Disaster communication research often uses social science methods to analyze content and effects of journalistic news media and social media coverage of disasters. Examples of this research include Moeller (2006); Pantti, Wahl-Jorgensen, and Cottle (2012); Cottle (2014); Landwehr and Carley (2014); Greenberg and Scanlon (2016); Houston, Spialek, and First (2018); McKay and Perez (2019).
Post-Katrina documentaries offer a critique of the racialized social ecological contours of disaster, with Spike Lee’s When the Levees Broke: A Requiem in Four Acts (2006) and the sequel If God Is Willing and da Creek Don’t Rise (2010) as affecting cases in point. The systemic problems these documentary series expose include but are not limited to insufficient and unequally allocated federal funding for hydrological engineering projects; lack of federal aid for rescue operations while people were stranded in the flooded city without food or water for days; and in the rebuilding phase, uneven access to health and homeowner insurance benefits.

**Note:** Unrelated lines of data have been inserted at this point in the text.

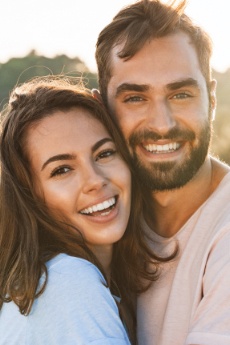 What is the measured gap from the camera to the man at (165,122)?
332 centimetres

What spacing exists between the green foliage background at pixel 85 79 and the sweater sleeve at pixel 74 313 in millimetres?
1228

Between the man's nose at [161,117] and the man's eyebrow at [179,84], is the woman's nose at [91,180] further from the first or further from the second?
the man's eyebrow at [179,84]

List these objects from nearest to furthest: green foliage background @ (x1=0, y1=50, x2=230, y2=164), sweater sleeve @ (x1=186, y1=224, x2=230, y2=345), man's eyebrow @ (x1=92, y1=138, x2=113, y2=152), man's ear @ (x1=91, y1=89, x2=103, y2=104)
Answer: sweater sleeve @ (x1=186, y1=224, x2=230, y2=345) → man's eyebrow @ (x1=92, y1=138, x2=113, y2=152) → man's ear @ (x1=91, y1=89, x2=103, y2=104) → green foliage background @ (x1=0, y1=50, x2=230, y2=164)

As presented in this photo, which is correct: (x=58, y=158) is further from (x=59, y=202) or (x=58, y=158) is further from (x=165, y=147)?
(x=165, y=147)

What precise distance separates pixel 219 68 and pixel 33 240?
625 inches

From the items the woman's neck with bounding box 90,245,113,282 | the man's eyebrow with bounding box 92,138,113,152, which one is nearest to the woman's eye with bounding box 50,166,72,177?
the man's eyebrow with bounding box 92,138,113,152

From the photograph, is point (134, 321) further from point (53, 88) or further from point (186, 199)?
point (53, 88)

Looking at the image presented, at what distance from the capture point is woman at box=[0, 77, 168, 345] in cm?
280

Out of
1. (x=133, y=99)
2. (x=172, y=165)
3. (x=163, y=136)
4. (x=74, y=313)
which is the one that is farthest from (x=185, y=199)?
(x=74, y=313)

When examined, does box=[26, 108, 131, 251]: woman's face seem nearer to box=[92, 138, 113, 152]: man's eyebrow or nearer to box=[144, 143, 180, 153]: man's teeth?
box=[92, 138, 113, 152]: man's eyebrow

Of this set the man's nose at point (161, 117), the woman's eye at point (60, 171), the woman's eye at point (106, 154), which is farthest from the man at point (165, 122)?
the woman's eye at point (60, 171)

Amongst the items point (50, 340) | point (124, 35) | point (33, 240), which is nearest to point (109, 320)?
point (50, 340)

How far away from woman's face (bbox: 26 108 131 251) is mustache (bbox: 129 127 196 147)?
34 cm

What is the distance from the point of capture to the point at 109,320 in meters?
2.69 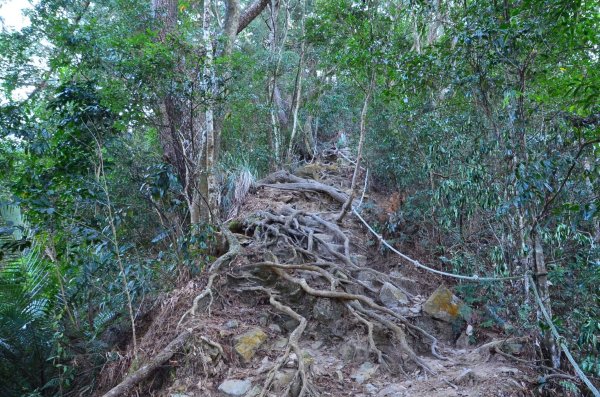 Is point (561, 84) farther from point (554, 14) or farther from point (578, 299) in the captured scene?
point (578, 299)

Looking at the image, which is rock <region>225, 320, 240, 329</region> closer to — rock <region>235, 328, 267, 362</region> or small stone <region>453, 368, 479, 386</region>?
rock <region>235, 328, 267, 362</region>

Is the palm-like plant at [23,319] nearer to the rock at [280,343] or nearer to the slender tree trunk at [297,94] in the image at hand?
the rock at [280,343]

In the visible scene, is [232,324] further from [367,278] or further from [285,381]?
[367,278]

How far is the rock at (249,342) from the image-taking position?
393 cm

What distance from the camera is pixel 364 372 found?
393cm

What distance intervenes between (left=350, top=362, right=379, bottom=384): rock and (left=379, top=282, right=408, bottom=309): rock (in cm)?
117

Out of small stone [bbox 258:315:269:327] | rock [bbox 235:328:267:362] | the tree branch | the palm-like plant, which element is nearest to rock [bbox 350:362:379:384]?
rock [bbox 235:328:267:362]

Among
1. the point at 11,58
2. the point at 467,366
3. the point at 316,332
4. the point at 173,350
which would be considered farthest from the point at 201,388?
the point at 11,58

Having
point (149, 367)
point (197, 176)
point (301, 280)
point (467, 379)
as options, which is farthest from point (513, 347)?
point (197, 176)

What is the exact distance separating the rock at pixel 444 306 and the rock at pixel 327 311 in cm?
103

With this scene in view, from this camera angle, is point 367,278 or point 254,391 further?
point 367,278

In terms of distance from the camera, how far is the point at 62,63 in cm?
445

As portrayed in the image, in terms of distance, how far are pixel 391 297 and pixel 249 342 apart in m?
2.01

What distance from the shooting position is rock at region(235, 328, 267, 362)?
3926 mm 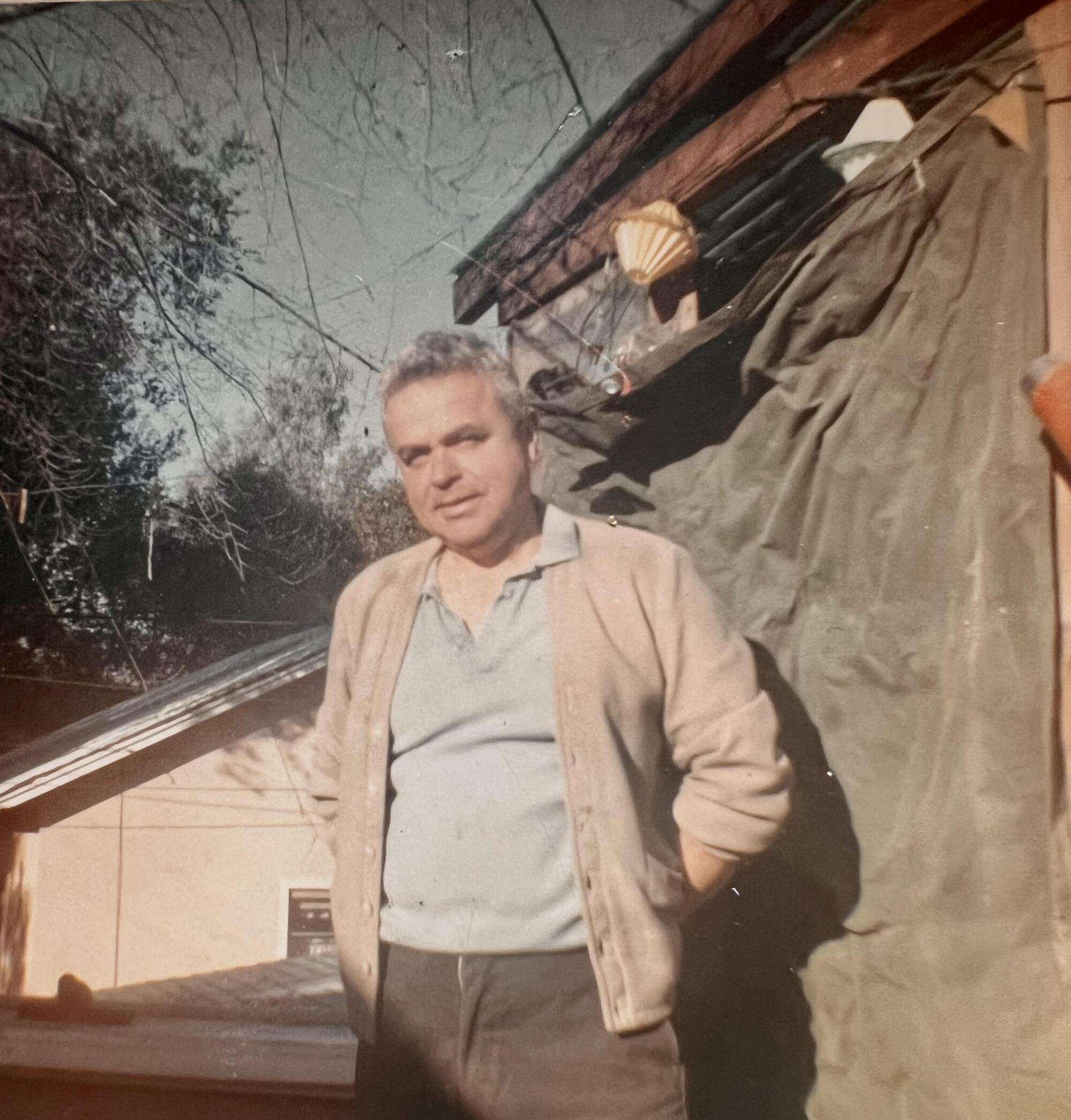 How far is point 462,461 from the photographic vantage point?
211 cm

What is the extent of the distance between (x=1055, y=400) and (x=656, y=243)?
3.00ft

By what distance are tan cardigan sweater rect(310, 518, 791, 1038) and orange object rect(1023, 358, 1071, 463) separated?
728 mm

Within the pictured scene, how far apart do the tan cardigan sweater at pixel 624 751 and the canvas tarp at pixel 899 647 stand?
0.12 meters

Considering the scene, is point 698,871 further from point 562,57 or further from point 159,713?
point 562,57

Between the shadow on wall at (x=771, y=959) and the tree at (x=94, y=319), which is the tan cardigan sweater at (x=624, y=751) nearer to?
the shadow on wall at (x=771, y=959)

In Weather as Medium: Toward a Meteorological Art, Janine Randerson explores weather-driven art projects in this time of climate crisis, hearkening to works by Aotearoa-New Zealand kinetic sculptor Len Lye and Fluxus performance and drawing in contemporary pieces such as Severe Tropical Storm 9301 Irma, by Billy Apple (2002–15).
In Climate Trauma: Foreseeing the Future in Dystopian Film and Fiction (2015), E. Ann Kaplan suggests how audiences might learn from the nightmare scenarios of movies such as Children of Men (Cuarón 2006) and Take Shelter (Nichols 2011) so as to forestall the catastrophic futures they depict.